= Ælnoth of Canterbury =

English monk

Ælnoth or Ailnoth was an Anglo-Saxon Benedictine monk from Canterbury who settled in Denmark, and is known as author of a legend of the Danish king Saint Canute (Canute IV), who had been killed in Odense in 1086 and was canonized by the Pope 1100 or 1101.

==Life==

Ælnoth may have been prior in the Benedictine community founded in Odense as a daughter house of the Abbey at Evesham. According to the Danish historian Hans Olrik, who wrote the biography of Ælnoth in the first edition of the Danish biographical reference work Dansk biografisk lexikon, Ælnoth came to Denmark and Odense about 1100; he there had compatriots called in earlier by King Eric for the new cathedral planned as the burial church for the slain King Canute, his older brother (in other words at some point after the death of Canute in 1086). However, it has also been suggested that he came as early as 1085, accompanying relics of Saint Alban.

Other than his origins in Canterbury, little is known about the life of Ælnoth, with even the dates of his arrival in Denmark and when he wrote the 'Life and Passion of St Canute' being uncertain. There are hints at persecution from which Ælnoth considered himself the object, possibly from a priest higher up in the hierarchy. According to Olrik, Ælnoth shows familiarity with Denmark and Danish customs, but little sympathy for the Danes, and appears to hate the Normans who had caused him to leave his own country.

==Work==

When he had been in Denmark 24 years (perhaps between 1109 and 1122, depending on the date he can be assumed to have arrived in Denmark), he wrote his Latin Vita et Passio S. Canuti (English: Life and Passion of St Canute). Olrik calls it "one of the most important sources for the history of Denmark in the Middle Ages". According to Olrik, Ælnoth is unusually frank as he, despite his awe of his hero, nevertheless hints at the faults of the violent king. He switches between prose and poetry in a way Olrik defines as typically Anglo-Saxon. The legend is dedicated to King Niels, and is more generally written with the political purpose of supporting the claims of the dynasty of the sons of Sweyn Estridson.

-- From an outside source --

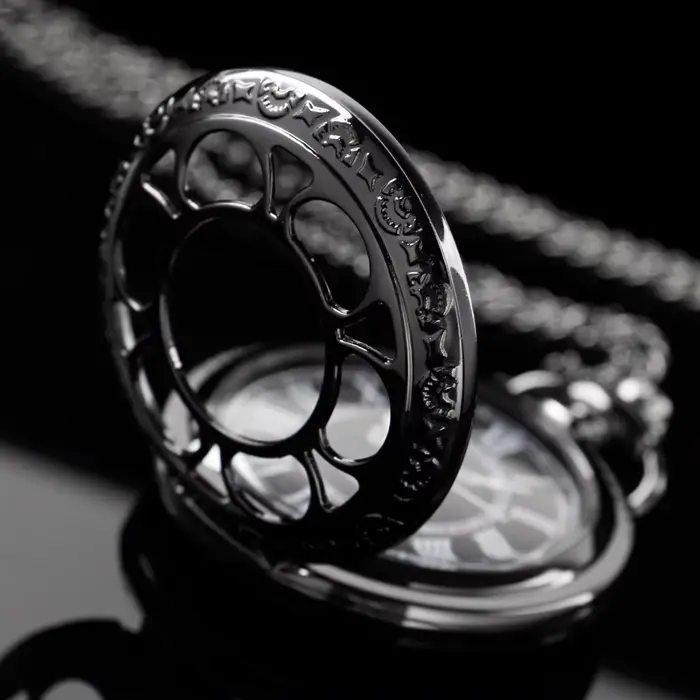 Montre à gousset rétro en acier inoxydable pour femmes et hommes, cadeau vintage occasionnel, design squelette quartz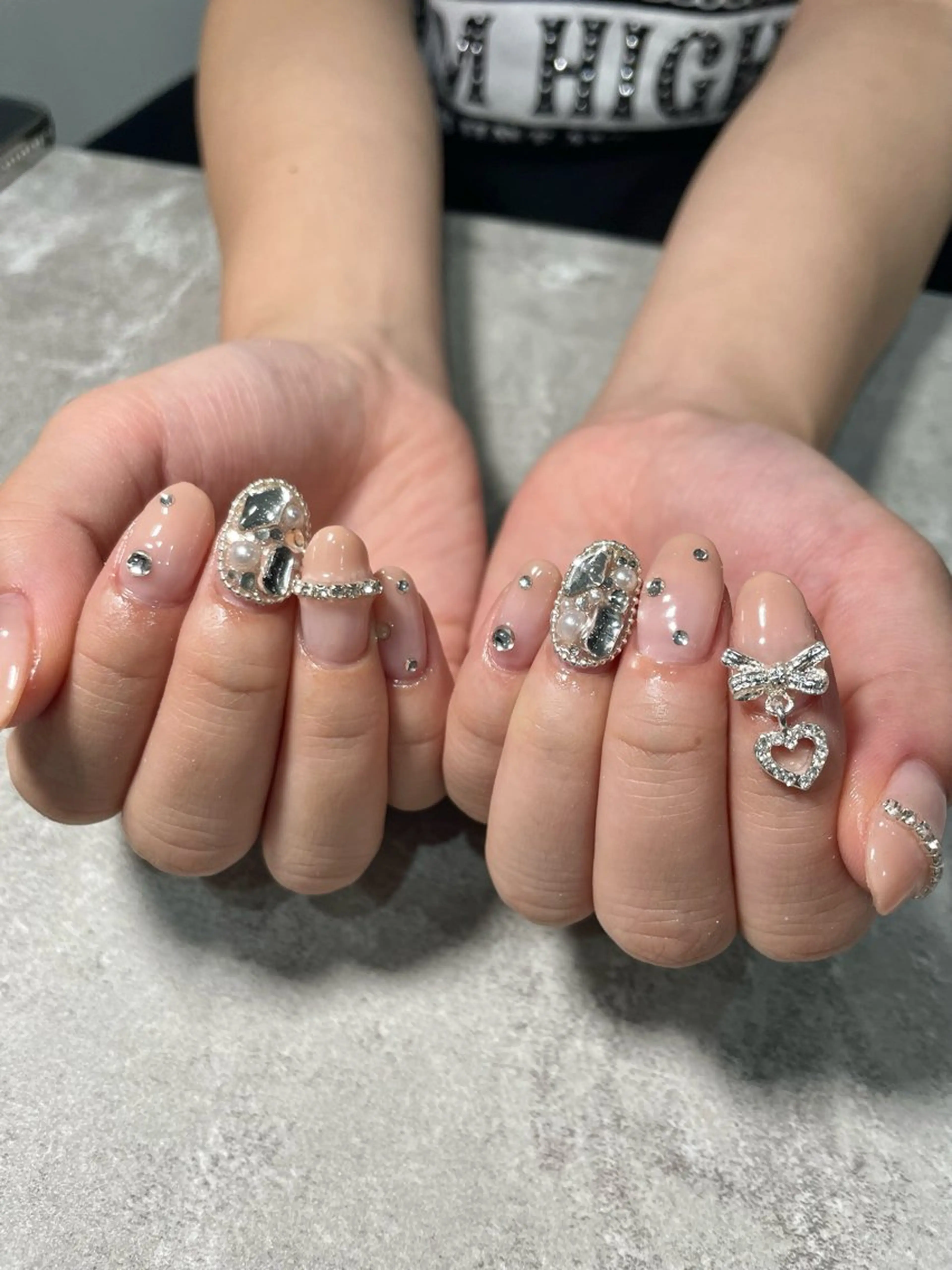 ネイル 持ち込み ハンドネイル Raviliss ♡のネイルデザイン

Early printed editions of Ælnoth's Life of Saint Canute include Historia S. Canuti Regis et Martyris, Othoniæ sepulti, printed in Copenhagen 1602. A more recent edition is Gesta Swenomagni regis et filiorum eius passio gloriasissimi Canuti regis et martyris, in Martin Clarentius Gertz, ed., Vitae sanctorum Danorum (Copenhagen 1908-12), p. 77-136. A recent Danish translation is Ælnoths Krønike, translated by Erling Albrectsen (Odense: Odense Universitetsforlag, 1984). A "rough and partial" English translation of the work was made available by Laura Gazzoli in 2020.